Allí estaba, sonriendo con su dentona sonrisa, los platillos separados e inmóviles pero dispuestos a golpear, echado tranquilamente sobre su espalda contra un rincón de una caja de Ralston-Purina, como si estuviera aguardando el autobús, como si dijera: Creíste haberte librado de mí, ¿eh? Pero no es tan fácil librarse de mí, Hal. Me gustas, Hal. Estamos hechos el uno para el otro, como un chico y su monito preferido, un par de buenos amigos. 

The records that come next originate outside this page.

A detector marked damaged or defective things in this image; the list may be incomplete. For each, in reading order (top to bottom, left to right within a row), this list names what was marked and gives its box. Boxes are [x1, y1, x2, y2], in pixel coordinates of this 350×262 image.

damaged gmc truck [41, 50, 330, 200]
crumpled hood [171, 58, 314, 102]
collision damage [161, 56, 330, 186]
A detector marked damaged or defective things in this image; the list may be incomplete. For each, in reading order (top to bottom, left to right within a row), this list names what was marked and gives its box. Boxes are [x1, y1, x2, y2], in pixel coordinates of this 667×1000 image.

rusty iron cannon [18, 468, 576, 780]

Y en algún lugar al sur hay un estúpido viejo trapero italiano tendido en su bañera, con los ojos desorbitados y la dentadura postiza medio salida de su boca, su gritante boca, un trapero que huele como una vieja batería quemada. 

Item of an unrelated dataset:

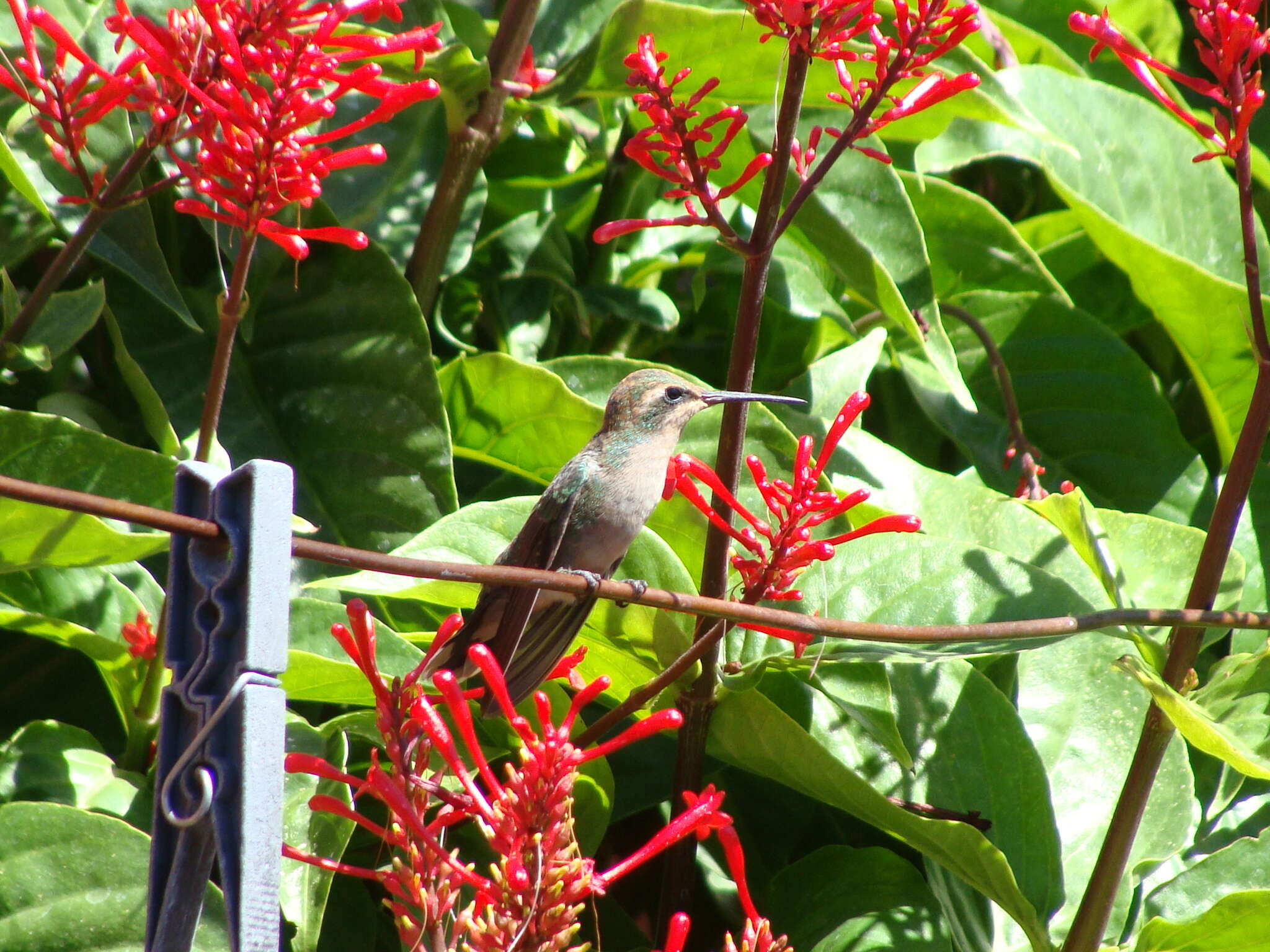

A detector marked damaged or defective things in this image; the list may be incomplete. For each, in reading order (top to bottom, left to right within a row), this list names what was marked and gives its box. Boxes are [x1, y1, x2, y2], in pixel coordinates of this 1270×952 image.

rust on wire [2, 471, 1270, 645]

Me había apartado para su nieto, Hal, y me puso en el estante con su jabón y su navaja y su crema de afeitar y la radio que estaba escuchando mientras se bañaba, y yo empecé a tocar los platillos, y uno de mis platillos golpeó esa vieja radio y cayó dentro de la bañera. Y entonces vine de nuevo a tí, Hal. 

Hice todo el camino por carreteras comarcales, de noche, y la luz de la luna se reflejaba en mis dientes a las tres de la madrugada, y dejé muerte en mi despertar, Hal. Vine hasta tí. Soy tu regalo de Navidad, Hal, dame cuerda. ¿Quién está muerto? ¿Es Bill? ¿Es el tío Will? ¿Eres tú, Hal? ¿Eres tú?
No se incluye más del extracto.